This document describes safeguards that are implemented in code for the integrated system (Nextcloud + serving + data + training + monitoring).
It is intentionally implementation-specific: each claim maps to files currently in
version-1/main.
- Base ingestion taxonomy supports 7 canonical OCW labels in data pipelines:
Lecture Notes,Problem Set,Exam,Reading,Solution,Project,Other. - Integrated production training/retraining currently uses Run B merged 5-label taxonomy
via
llm_label_merged:Lecture Notes,Other,Problem Set,Exam,Reading. - This 5-label scope is enforced in training configs and quality gates for deployment decisions.

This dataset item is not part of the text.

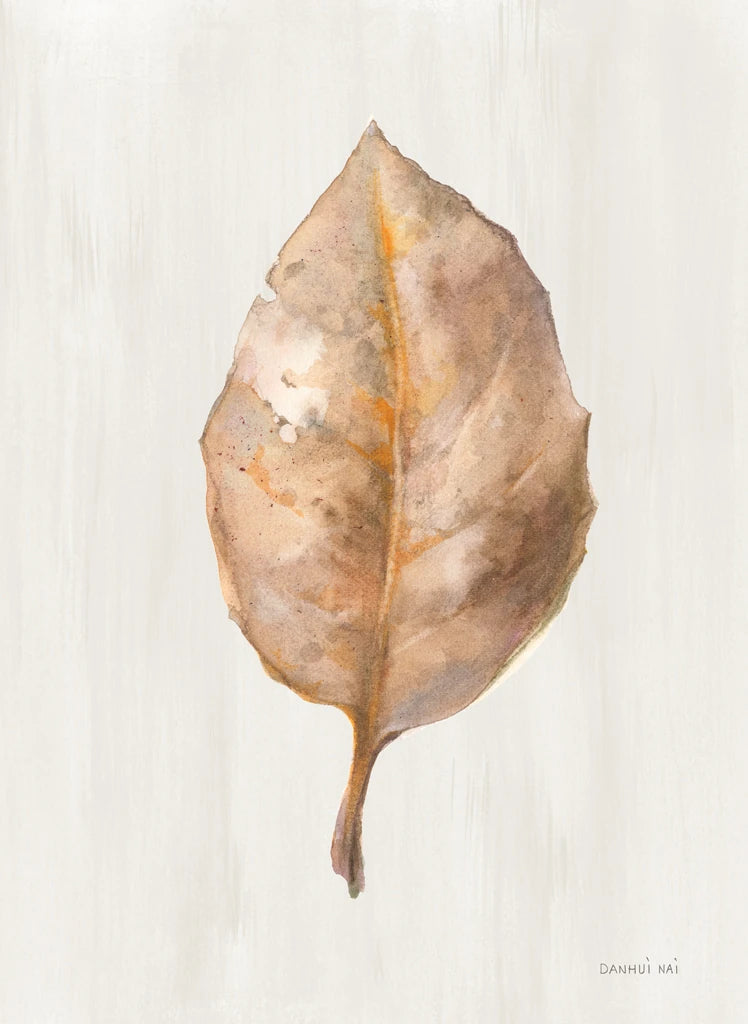 Fallen Leaf II Texture by Danhui Nai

Minority labels and noisy correction data can cause disproportionate error rates.
-
Ingestion validation before dataset write
data/build_ocw_dataset.py::validate_ingestion()blocks invalid or low-quality rows (null required fields, invalid labels/sources, duplicatedoc_id, empty text, etc.) and warns for sparse labels. -
Split validation before train/eval artifacts are written
data/batch_pipeline.py::validate_training_set()blocks invalid train/eval splits (required columns, duplicates, tiny class counts, too-small splits, leakage) and warns on severe label skew. -
Retrain-time required-label gate
training/retrain_trigger.pyrunsdata/validate_dataset.pybefore retraining, with Run B requirements:- required labels:
Lecture Notes,Other,Problem Set,Exam,Reading - minimum examples per label check
- required labels:
-
Human correction upweighting
training/train.pyassigns sample weights (10x) to rows withsource == "user_feedback", so verified human corrections have higher influence than base rows during fit.
Users and operators cannot trust outcomes if decisions are opaque.
-
Prediction confidence + ranked alternatives returned to clients Serving responses include predicted tag, confidence, and top predictions (
serving/app/main.py,serving/app/predictor.py). -
Data lineage and split provenance persisted
data/batch_pipeline.pywritessplit_metadata.jsonfor each dataset version (row counts, label distributions, course split info, timestamp). -
Drift reasoning persisted
data/drift_monitor.pywrites detailed drift diagnostics both todrift_report.jsonanddrift_metrics.details(JSONB), including threshold breaches and per-check outcomes. -
Retrain decision trace
training/retrain_trigger.pywrites retrain events intoretrain_log.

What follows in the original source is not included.